WORK ORDER
In the records below, find the line containing "ArmyBassAnglers's tweet photo." and repeat it and every line after it exactly, without pictures.

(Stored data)
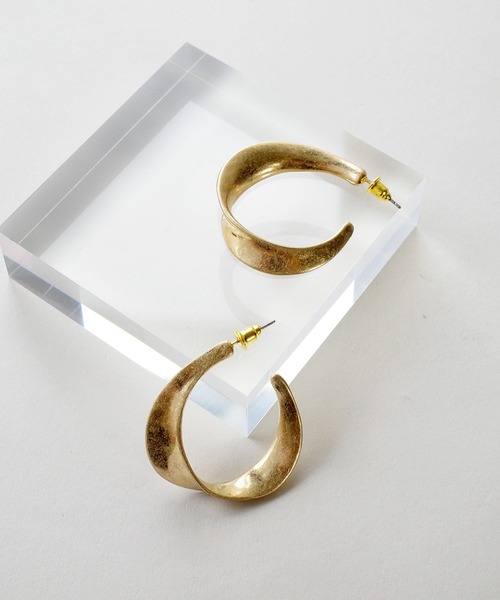 SIGNAL(シグナル)の「【SIGNAL/シグナル】Triomphe Hoop Pierce / トリオンフフープピアス(ピアス(両耳用)・レディース・ゴールド/シルバー・FREE)」の10枚目の写真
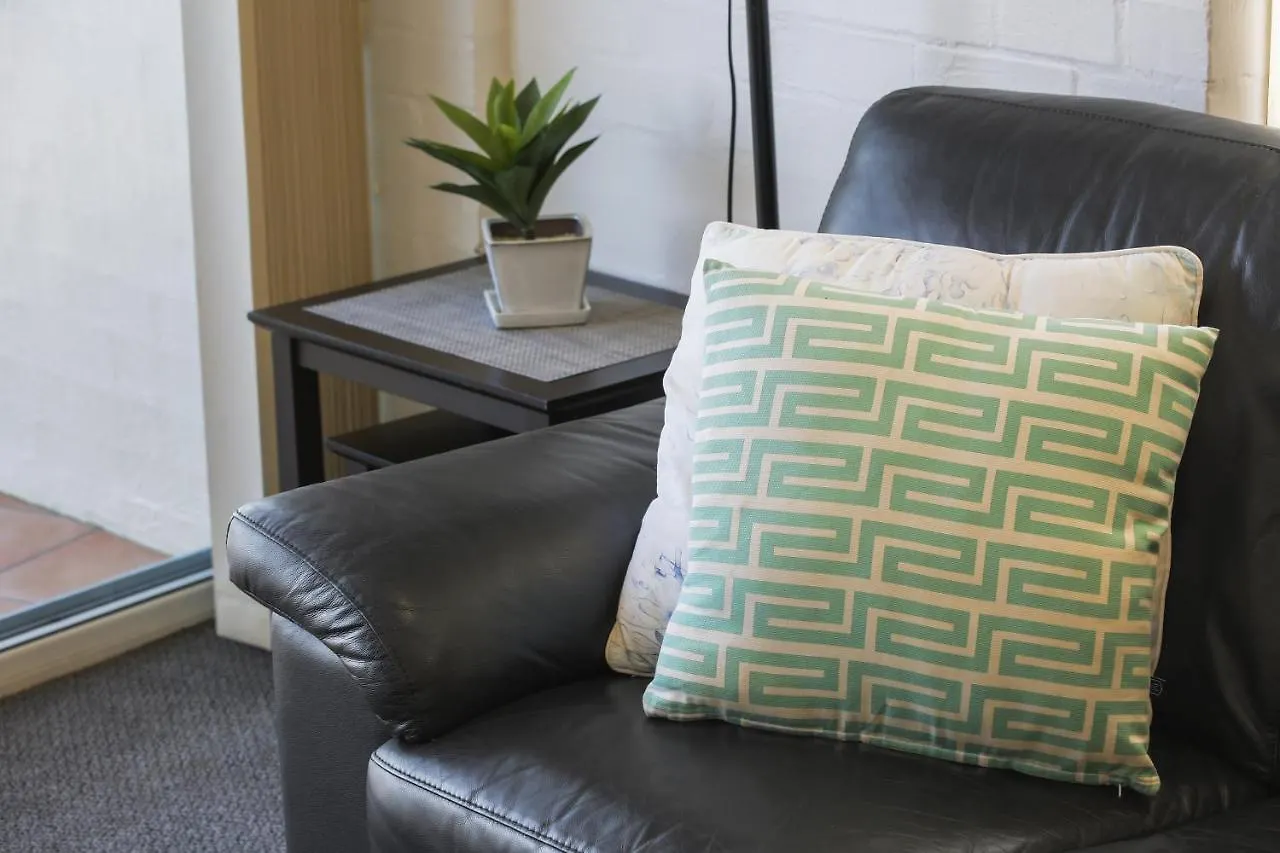 Crown Apartments Merimbula 4*,  Australia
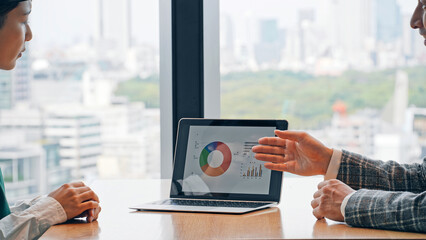 コンサルタント、コンサルティング、アドバイザー、経営、店舗、飲食店、相談、ノートパソコン、PC、DX、レポート、報告、人材、チームワーク、会議、ミーティング、面談、画面、グラフ、分析、売り上げ、コスト、仕入れ、ビジネス、カフェ、居酒屋、取引、提案、営業、効果、効率化、業務、事務、クラウド、ERP、IT、電子化、仕事、マーケティング、顧客満足度、コピースペース、広告、計算、顔なし、ビジネスパーソン、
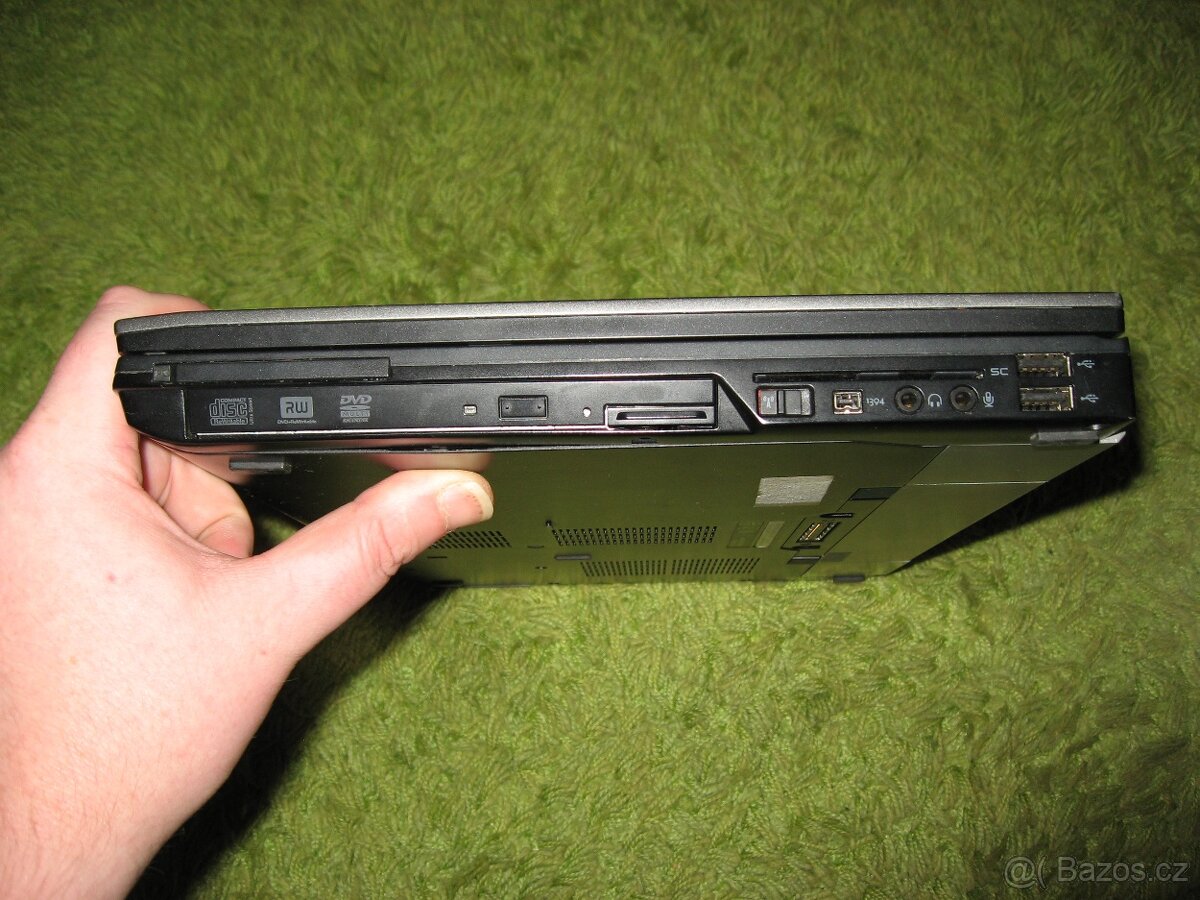 Prodám notebook Dell - 3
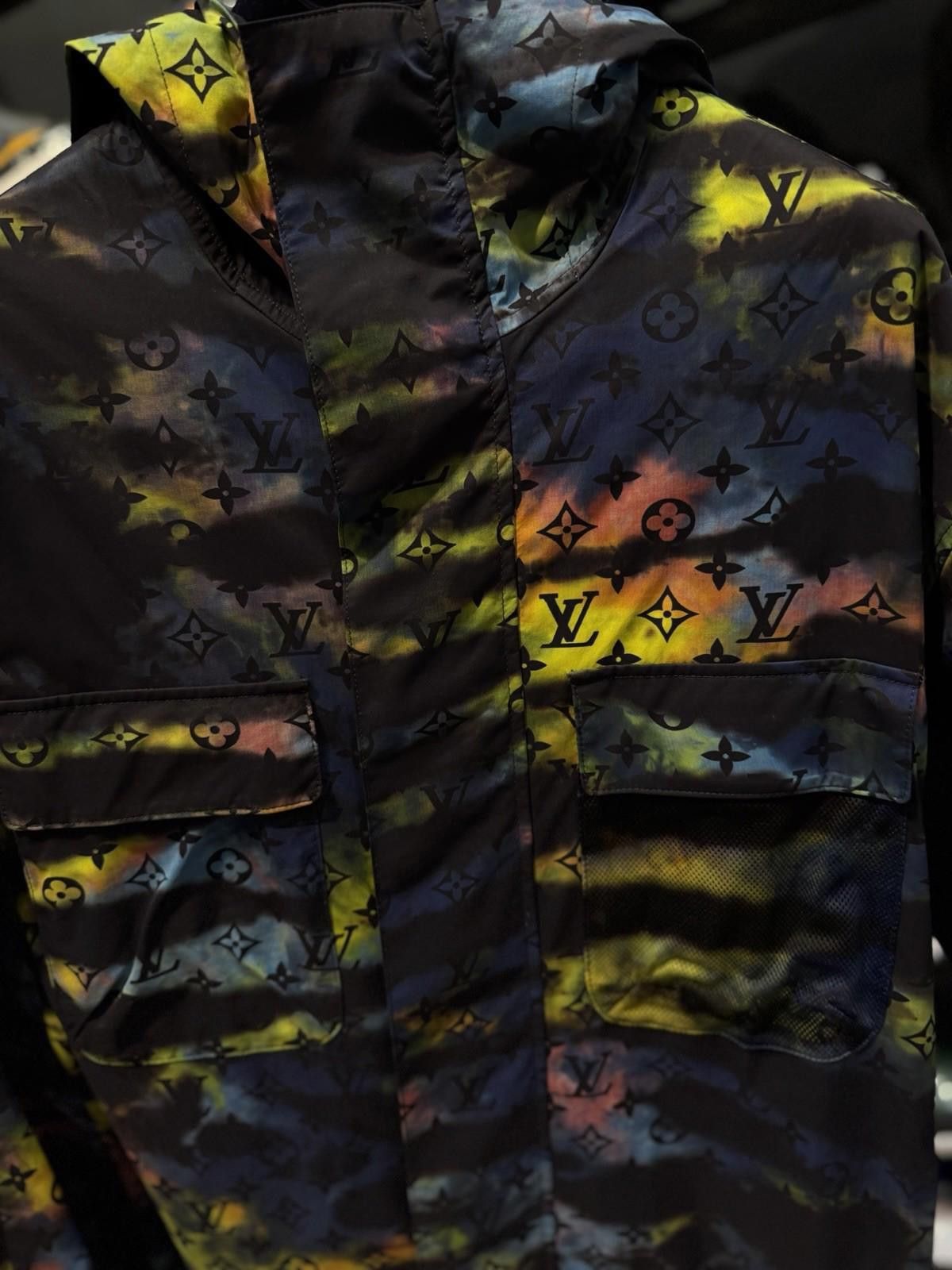 Louis Vuitton Louis Vuitton Monogram Reversible Windbreaker $3300 (48) Size US L / EU 52-54 / 3 - 7 Thumbnail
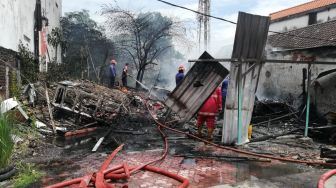 Demi Selamatkan Ijazah Kedokteran Saat Rumah Terbakar, Tangan Imron Melepuh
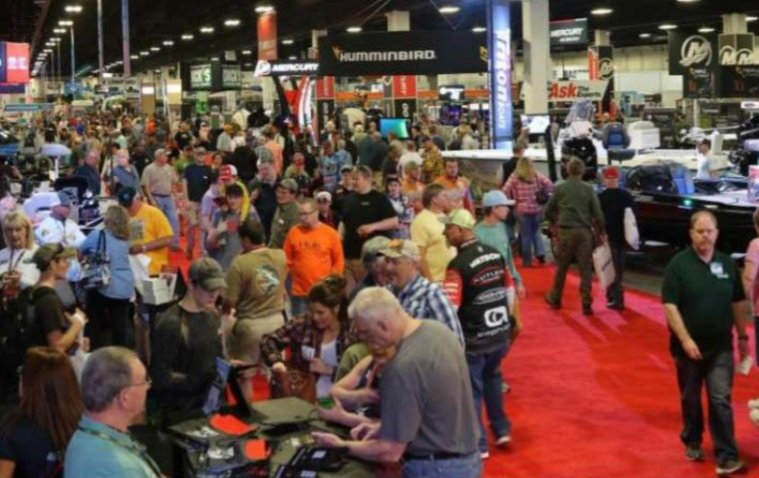 ArmyBassAnglers's tweet photo. Its going to be packed @ the 2020 Bassmaster Classic. Be sure to drop by booth #107 &amp; meet the Pros from WFN - World Fishing Network hit TV show #StrikeKings #FORCEonFORCE--HOOAH! 
#ArmyBassAnglers #SupportDefendFish 
https://t.co/DymHBoBhI5 https://t.co/3vyR2fm12L
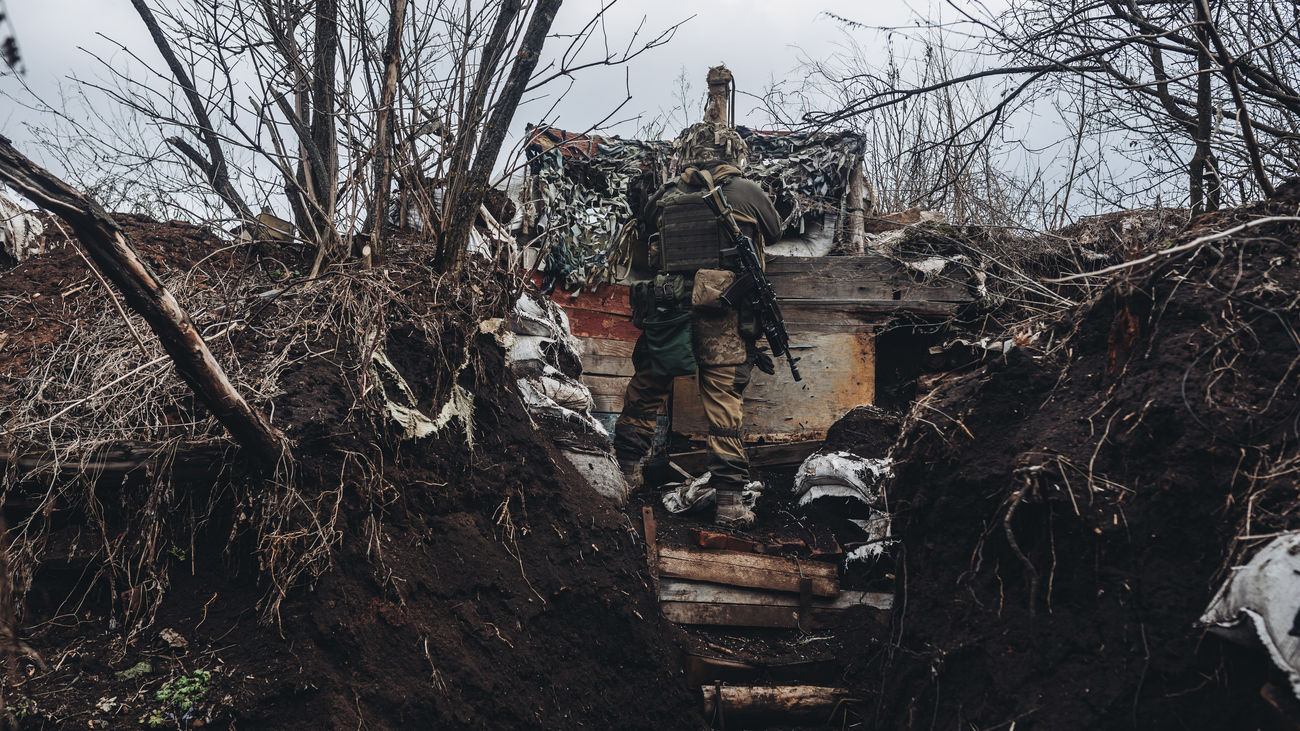 Un soldado del ejército ucraniano camina por una trinchera en el frente de Niu York, Ucrania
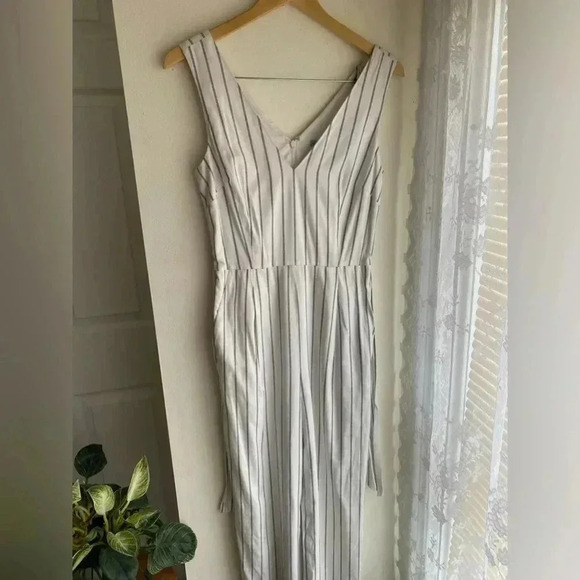 ANTONIO MELANI White Stripe Jumpsuit Size 4 Sleeveless Wide Leg Belted V Neck - Picture 2 of 9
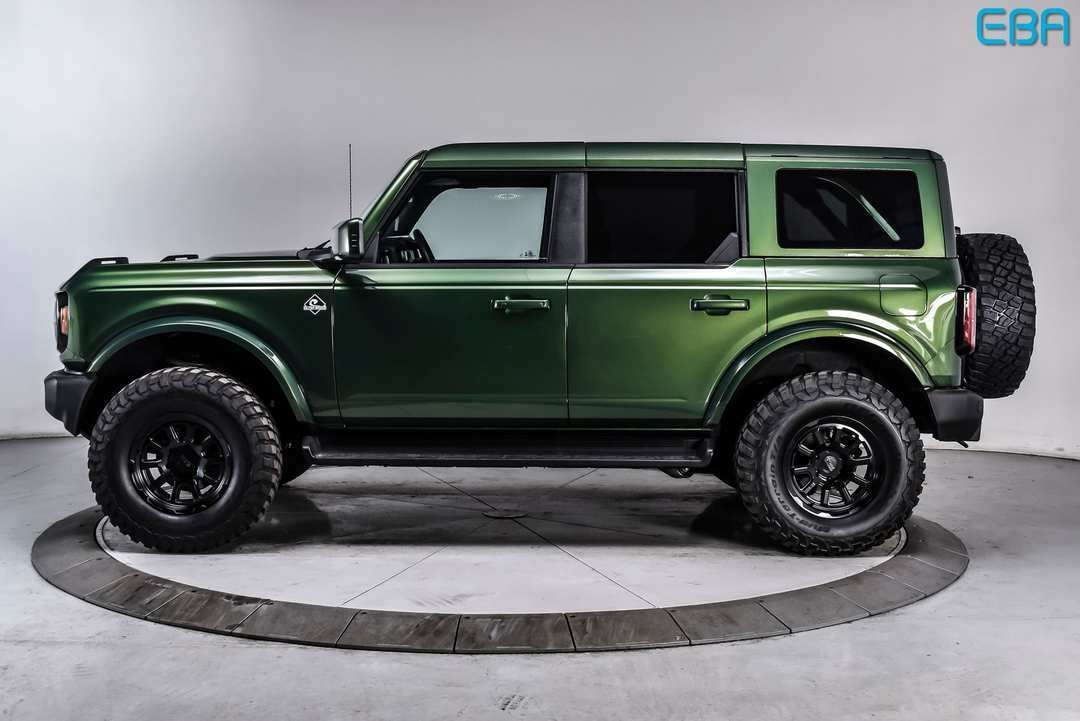 2025 Ford Bronco Outer Banks - Image 3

RESULT OF THIS TASK
 ArmyBassAnglers's tweet photo. Its going to be packed @ the 2020 Bassmaster Classic. Be sure to drop by booth #107 &amp; meet the Pros from WFN - World Fishing Network hit TV show #StrikeKings #FORCEonFORCE--HOOAH! 
#ArmyBassAnglers #SupportDefendFish 
https://t.co/DymHBoBhI5 https://t.co/3vyR2fm12L
 Un soldado del ejército ucraniano camina por una trinchera en el frente de Niu York, Ucrania
 ANTONIO MELANI White Stripe Jumpsuit Size 4 Sleeveless Wide Leg Belted V Neck - Picture 2 of 9
 2025 Ford Bronco Outer Banks - Image 3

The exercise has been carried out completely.